Jésus vient mettre en pleine lumière ce qui dans les commandements conduit à Dieu, en passant par l’accueil de sa Parole.
Cette suprême sagesse, nous dit Saint Paul, est cependant aux antipodes de « la sagesse de ceux qui dominent le monde », ce terme désignant précisément la part d’humanité qui refuse l’éclairage donné par Jésus.
Bien sûr, la justice humaine s’efforce par tous les moyens de défendre les « droits » des individus, et cela est essentiel ; mais pour Jésus, cela est insuffisant : « Si votre justice ne surpasse pas celle des scribes et des pharisiens, vous n’entrerez pas dans le Royaume des cieux ». 
Jésus n’a nullement l’intention de rajouter d’autres commandements – on n’atteint pas l’amour en multipliant les préceptes – mais il annonce la nécessité d’un saut qualitatif, qui ne peut se réaliser que dans l’Esprit qu’il va répandre au matin de Pentecôte.
Il est remarquable que les exemples cités par Jésus aient tous trait à la violence dans les relations et ses conséquences :

  • la colère menace la vie physique du frère ;
  • l’insulte le blesse profondément dans sa vie psychique ;
  • la malédiction l’exclut du champ religieux ;
  • la concupiscence du regard commet déjà intentionnellement l’adultère, qui fait violence à la relation d’alliance nuptiale ;
  • la répudiation est une violence faite au droit de l’épouse à la fidélité et à la stabilité familiale ;
  • le serment prononcé à la légère, fait violence à la confiance.

La stricte justice se contente de réguler tant bien que mal les formes extérieures de cette violence, mais sans pouvoir ni la déraciner, ni la remplacer par la Charité. Seul l’Esprit peut nous donner d’accomplir cette conversion de la violence à la douceur, la patience, la compassion, la tendresse, bref : à l’amour. Hélas ! trop souvent, nous nous berçons d’illusion quant à la dureté du chemin : les comparaisons de Jésus nous font pressentir la radicalité des changements qu’implique une telle conversion : « Si ton œil droit entraîne ta chute, arrache-le et jette-le loin de toi, car c’est ton intérêt de perdre un de tes membres et que ton corps tout entier ne soit pas jeté dans la géhenne ». 
« L’image du chrétien mutilé, mais sauvé nous montre quelle peut être l’ardeur de cette lutte et prévient toute association abusive entre la grâce et la facilité.
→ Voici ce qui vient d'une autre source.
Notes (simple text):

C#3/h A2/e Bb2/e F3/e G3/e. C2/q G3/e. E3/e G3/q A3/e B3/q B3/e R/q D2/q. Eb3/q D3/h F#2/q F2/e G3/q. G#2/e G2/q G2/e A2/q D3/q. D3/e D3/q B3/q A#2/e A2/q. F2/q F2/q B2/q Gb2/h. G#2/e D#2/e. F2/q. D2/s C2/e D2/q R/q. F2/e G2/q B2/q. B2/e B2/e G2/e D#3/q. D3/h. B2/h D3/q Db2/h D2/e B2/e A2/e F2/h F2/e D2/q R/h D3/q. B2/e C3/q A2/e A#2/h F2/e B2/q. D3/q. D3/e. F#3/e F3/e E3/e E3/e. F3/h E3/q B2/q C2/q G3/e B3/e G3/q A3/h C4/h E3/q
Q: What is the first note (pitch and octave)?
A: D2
La grâce de Dieu n’a pas pour objet de nous éviter les résolutions difficiles, mais de les rendre possibles » (Emile Nicole). L’Esprit m’est donné pour pouvoir faire les choix forts, arracher de ma vie et jeter loin de moi ce qui m’empêche d’être libre de la liberté des enfants de Dieu, même si ce dont j’ai à me séparer est d’un grand prix à mes yeux.
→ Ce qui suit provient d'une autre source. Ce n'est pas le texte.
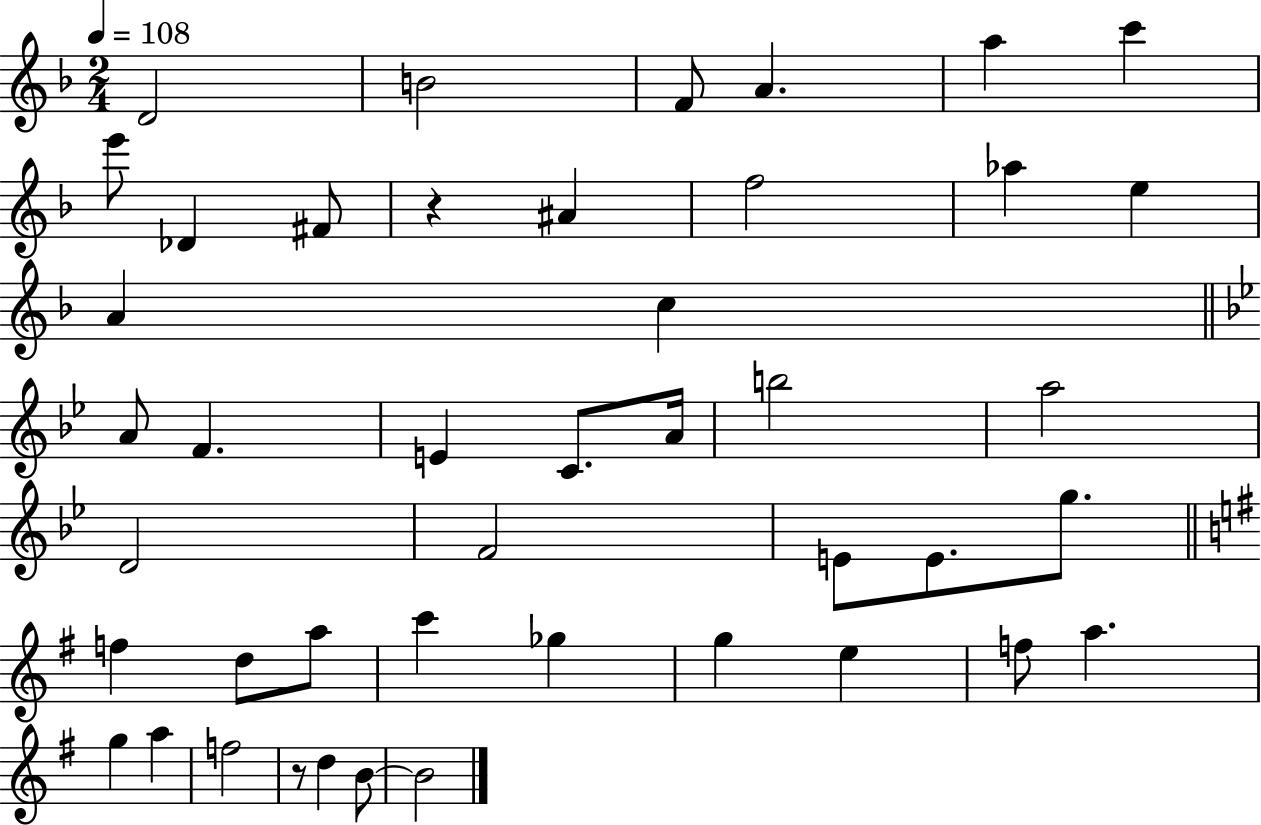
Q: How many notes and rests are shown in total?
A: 44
La conversion à laquelle nous invite Jésus, implique aussi de reconnaître qu’en lui, nous sommes tous soeurs et frères, étant enfants d’un même Père. Nous ne nous tenons donc jamais seuls devant Dieu !
Dès lors, comment notre Père pourrait-il se réjouir du don de ses enfants, s’ils sont divisés entre eux? Voilà pourquoi « lorsque tu vas présenter ton offrande sur l’autel, si là tu te souviens que ton frère a quelque chose contre toi, laisse ton offrande là, devant l’autel, va d’abord te réconcilier avec ton frère, et ensuite viens présenter ton offrande ». Qui de nous est à la hauteur d’une telle exigence ?
Toutes les interpellations lancées par Jésus sont personnelles ; il n’est pas question de couper la main ou le pied de mon frère, ou de lui arracher l’œil : c’est de mon problème qu’il s’agit. Puissions-nous discerner dans ces Paroles déconcertantes un appel à oser nous engager résolument sur le chemin de la vraie liberté, celle de l’amour inconditionnel ; et puissions-nous accueillir la force de l’Esprit pour arracher et jeter loin de nous ce qui menace notre participation à la vie divine, notre héritage.